East Kentucky Power Cooperative Selects Shure Microflex Wireless For Multipurpose Corporate F

MXW8 gooseneck base transmitters with push-to-talk feature were installed for accurate sound reproduction and to remedy sound delivery issues

East Kentucky Power Cooperative (EKPC), responsible for powering more than 520,000 homes and businesses in 87 Kentucky counties, is owned by 16 electric distribution co-ops located in central and eastern Kentucky.

Each of the 16 parties is involved in monthly decision-making meetings, comprised of 45 or more participants.

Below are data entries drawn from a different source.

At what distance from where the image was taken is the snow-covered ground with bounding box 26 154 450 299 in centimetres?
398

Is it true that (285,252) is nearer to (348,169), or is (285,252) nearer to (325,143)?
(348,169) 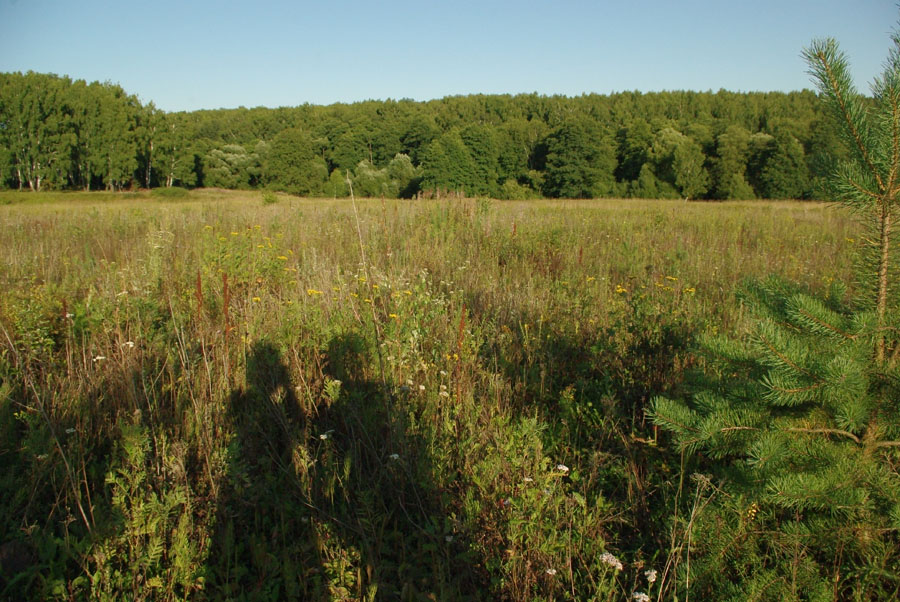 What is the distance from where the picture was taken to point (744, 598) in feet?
5.24

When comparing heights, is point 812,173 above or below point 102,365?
above

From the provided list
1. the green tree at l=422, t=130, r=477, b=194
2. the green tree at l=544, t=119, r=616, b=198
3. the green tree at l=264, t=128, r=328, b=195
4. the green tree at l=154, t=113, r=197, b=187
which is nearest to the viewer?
the green tree at l=264, t=128, r=328, b=195

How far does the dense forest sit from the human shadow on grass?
41027mm

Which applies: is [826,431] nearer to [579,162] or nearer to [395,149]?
[579,162]

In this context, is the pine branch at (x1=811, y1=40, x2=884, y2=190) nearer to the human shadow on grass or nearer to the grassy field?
the grassy field

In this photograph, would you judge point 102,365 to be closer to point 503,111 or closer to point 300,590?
point 300,590

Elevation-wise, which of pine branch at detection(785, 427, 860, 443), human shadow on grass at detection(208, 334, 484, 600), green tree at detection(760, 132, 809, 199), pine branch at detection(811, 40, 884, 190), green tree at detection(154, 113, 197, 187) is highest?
green tree at detection(154, 113, 197, 187)

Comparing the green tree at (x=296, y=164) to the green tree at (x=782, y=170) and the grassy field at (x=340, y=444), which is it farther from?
the grassy field at (x=340, y=444)

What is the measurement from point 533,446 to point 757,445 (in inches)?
39.8

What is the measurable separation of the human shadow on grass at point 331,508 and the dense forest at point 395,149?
41.0m

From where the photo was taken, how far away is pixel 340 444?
2.63 m

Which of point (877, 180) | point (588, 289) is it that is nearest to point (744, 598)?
point (877, 180)

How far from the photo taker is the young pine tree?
5.18 ft

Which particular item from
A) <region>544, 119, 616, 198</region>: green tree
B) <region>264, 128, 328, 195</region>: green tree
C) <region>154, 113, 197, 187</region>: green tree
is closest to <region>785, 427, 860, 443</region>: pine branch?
<region>264, 128, 328, 195</region>: green tree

Hosted in an EKPC multipurpose boardroom, the meeting facility became a growing concern, as it quickly proved to be inefficient due to an A/V configuration that included just six microphones suspended from the ceiling.

To help alleviate the issues, EKPC partnered with dBA Acoustics, a consulting and design services firm, to create a new conferencing environment that would offer audio clarity through an intelligent wireless solution.

With a layout featuring a large U-shaped table, when designing the new conferencing system, it was crucial to have at least one gooseneck base transmitter per two board members. A solution that could be turned on and off by individual members was also requested to limit interruptions and prevent excess ambient noise from drowning out the speaker.

Shure Microflex wireless systems were selected to address these requirements. MXW8 gooseneck base transmitters, with a simple push-to-talk feature, were installed for accurate sound reproduction and to remedy the sound delivery issues associated with the limiting ceiling microphones.

EKPC facilities supervisor Troy Varner states, “Shure Microflex Wireless was exactly what we needed. It is extremely user-friendly and the bi-directional wireless capabilities ensure we can monitor and control all settings in real-time. Additionally, with the premium technology all meeting attendees can be clearly heard, while the table top goosenecks make it easy for members to participate in the conversation.”

Each transmitter offers bi-directional wireless capabilities, enabling return channel audio and real-time remote control and monitoring of all settings. This functionality enables the EKPC team to always have access to transmitter battery status for long meetings or back-to-back sessions.

Outside of solving A/V issues for monthly board meetings, Microflex wireless has had a positive impact on EKPC training presentations, smaller meetings, and the annual meeting, which also occur in the corporate boardroom. For these occasions, the room relies on four compact Microflex wireless hybrid bodypack rransmitters that connect to earworn or lavalier Shure microphones for presenters.

Additionally, the room has three podiums that are equipped with Microflex Wireless handheld transmitters. For added convenience, all EKPC’s selected Microflex wireless transmitters fit into the system’s networked charging station that brings batteries to 50 percent in one hour, with smart charging that safeguards against battery damage.

“We stream training sessions to other facilities and also record all board meetings, so high-quality audio was our biggest concern. We needed a system that would work in a boardroom setting but could also support presentations at a podium and training sessions, where the presenter is mobile. Shure Microflex wireless fits the bill, and our past events have been flawless thanks to the audio technology,” says Varner.